• Exercise instructions
The answer must restate every record word for word.

::::::::

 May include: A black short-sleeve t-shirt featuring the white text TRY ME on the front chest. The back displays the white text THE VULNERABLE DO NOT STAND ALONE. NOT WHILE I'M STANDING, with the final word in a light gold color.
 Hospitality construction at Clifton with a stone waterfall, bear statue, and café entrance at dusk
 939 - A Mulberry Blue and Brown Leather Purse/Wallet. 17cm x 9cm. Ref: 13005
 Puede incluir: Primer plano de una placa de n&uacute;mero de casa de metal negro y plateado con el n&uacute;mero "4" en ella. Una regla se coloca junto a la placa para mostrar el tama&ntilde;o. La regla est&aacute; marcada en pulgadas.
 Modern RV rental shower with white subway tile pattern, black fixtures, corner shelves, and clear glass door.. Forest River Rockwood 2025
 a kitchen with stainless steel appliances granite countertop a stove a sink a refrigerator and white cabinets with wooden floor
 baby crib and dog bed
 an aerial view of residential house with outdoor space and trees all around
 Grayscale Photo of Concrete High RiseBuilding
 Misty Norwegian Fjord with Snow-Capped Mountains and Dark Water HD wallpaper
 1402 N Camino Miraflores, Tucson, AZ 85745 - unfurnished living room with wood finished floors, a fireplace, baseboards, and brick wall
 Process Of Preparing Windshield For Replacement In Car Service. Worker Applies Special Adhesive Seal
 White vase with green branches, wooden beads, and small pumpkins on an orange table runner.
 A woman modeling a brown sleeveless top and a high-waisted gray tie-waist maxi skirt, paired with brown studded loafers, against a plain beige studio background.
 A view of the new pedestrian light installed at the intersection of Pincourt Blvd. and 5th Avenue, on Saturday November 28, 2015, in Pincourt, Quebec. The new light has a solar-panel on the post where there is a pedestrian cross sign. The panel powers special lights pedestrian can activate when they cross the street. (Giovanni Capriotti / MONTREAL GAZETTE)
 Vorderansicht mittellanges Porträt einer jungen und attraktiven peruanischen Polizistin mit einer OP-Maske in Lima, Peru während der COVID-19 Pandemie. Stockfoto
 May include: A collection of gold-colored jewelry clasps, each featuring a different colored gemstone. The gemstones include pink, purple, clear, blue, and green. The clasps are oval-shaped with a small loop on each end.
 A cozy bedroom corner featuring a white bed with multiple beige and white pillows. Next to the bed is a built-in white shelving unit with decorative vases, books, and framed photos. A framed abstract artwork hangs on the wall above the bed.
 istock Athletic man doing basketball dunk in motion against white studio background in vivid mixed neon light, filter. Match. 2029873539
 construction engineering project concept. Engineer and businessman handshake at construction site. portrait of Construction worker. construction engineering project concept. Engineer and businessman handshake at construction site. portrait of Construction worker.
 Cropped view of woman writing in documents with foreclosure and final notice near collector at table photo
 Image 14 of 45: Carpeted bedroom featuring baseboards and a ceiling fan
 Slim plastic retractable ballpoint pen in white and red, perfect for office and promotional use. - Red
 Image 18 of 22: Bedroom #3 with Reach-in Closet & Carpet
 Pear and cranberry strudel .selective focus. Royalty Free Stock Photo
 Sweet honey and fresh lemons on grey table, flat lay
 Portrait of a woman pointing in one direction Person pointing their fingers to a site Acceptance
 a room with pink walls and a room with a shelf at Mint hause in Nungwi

::::::::

• Response to the task
 May include: A black short-sleeve t-shirt featuring the white text TRY ME on the front chest. The back displays the white text THE VULNERABLE DO NOT STAND ALONE. NOT WHILE I'M STANDING, with the final word in a light gold color.
 Hospitality construction at Clifton with a stone waterfall, bear statue, and café entrance at dusk
 939 - A Mulberry Blue and Brown Leather Purse/Wallet. 17cm x 9cm. Ref: 13005
 Puede incluir: Primer plano de una placa de n&uacute;mero de casa de metal negro y plateado con el n&uacute;mero "4" en ella. Una regla se coloca junto a la placa para mostrar el tama&ntilde;o. La regla est&aacute; marcada en pulgadas.
 Modern RV rental shower with white subway tile pattern, black fixtures, corner shelves, and clear glass door.. Forest River Rockwood 2025
 a kitchen with stainless steel appliances granite countertop a stove a sink a refrigerator and white cabinets with wooden floor
 baby crib and dog bed
 an aerial view of residential house with outdoor space and trees all around
 Grayscale Photo of Concrete High RiseBuilding
 Misty Norwegian Fjord with Snow-Capped Mountains and Dark Water HD wallpaper
 1402 N Camino Miraflores, Tucson, AZ 85745 - unfurnished living room with wood finished floors, a fireplace, baseboards, and brick wall
 Process Of Preparing Windshield For Replacement In Car Service. Worker Applies Special Adhesive Seal
 White vase with green branches, wooden beads, and small pumpkins on an orange table runner.
 A woman modeling a brown sleeveless top and a high-waisted gray tie-waist maxi skirt, paired with brown studded loafers, against a plain beige studio background.
 A view of the new pedestrian light installed at the intersection of Pincourt Blvd. and 5th Avenue, on Saturday November 28, 2015, in Pincourt, Quebec. The new light has a solar-panel on the post where there is a pedestrian cross sign. The panel powers special lights pedestrian can activate when they cross the street. (Giovanni Capriotti / MONTREAL GAZETTE)
 Vorderansicht mittellanges Porträt einer jungen und attraktiven peruanischen Polizistin mit einer OP-Maske in Lima, Peru während der COVID-19 Pandemie. Stockfoto
 May include: A collection of gold-colored jewelry clasps, each featuring a different colored gemstone. The gemstones include pink, purple, clear, blue, and green. The clasps are oval-shaped with a small loop on each end.
 A cozy bedroom corner featuring a white bed with multiple beige and white pillows. Next to the bed is a built-in white shelving unit with decorative vases, books, and framed photos. A framed abstract artwork hangs on the wall above the bed.
 istock Athletic man doing basketball dunk in motion against white studio background in vivid mixed neon light, filter. Match. 2029873539
 construction engineering project concept. Engineer and businessman handshake at construction site. portrait of Construction worker. construction engineering project concept. Engineer and businessman handshake at construction site. portrait of Construction worker.
 Cropped view of woman writing in documents with foreclosure and final notice near collector at table photo
 Image 14 of 45: Carpeted bedroom featuring baseboards and a ceiling fan
 Slim plastic retractable ballpoint pen in white and red, perfect for office and promotional use. - Red
 Image 18 of 22: Bedroom #3 with Reach-in Closet & Carpet
 Pear and cranberry strudel .selective focus. Royalty Free Stock Photo
 Sweet honey and fresh lemons on grey table, flat lay
 Portrait of a woman pointing in one direction Person pointing their fingers to a site Acceptance
 a room with pink walls and a room with a shelf at Mint hause in Nungwi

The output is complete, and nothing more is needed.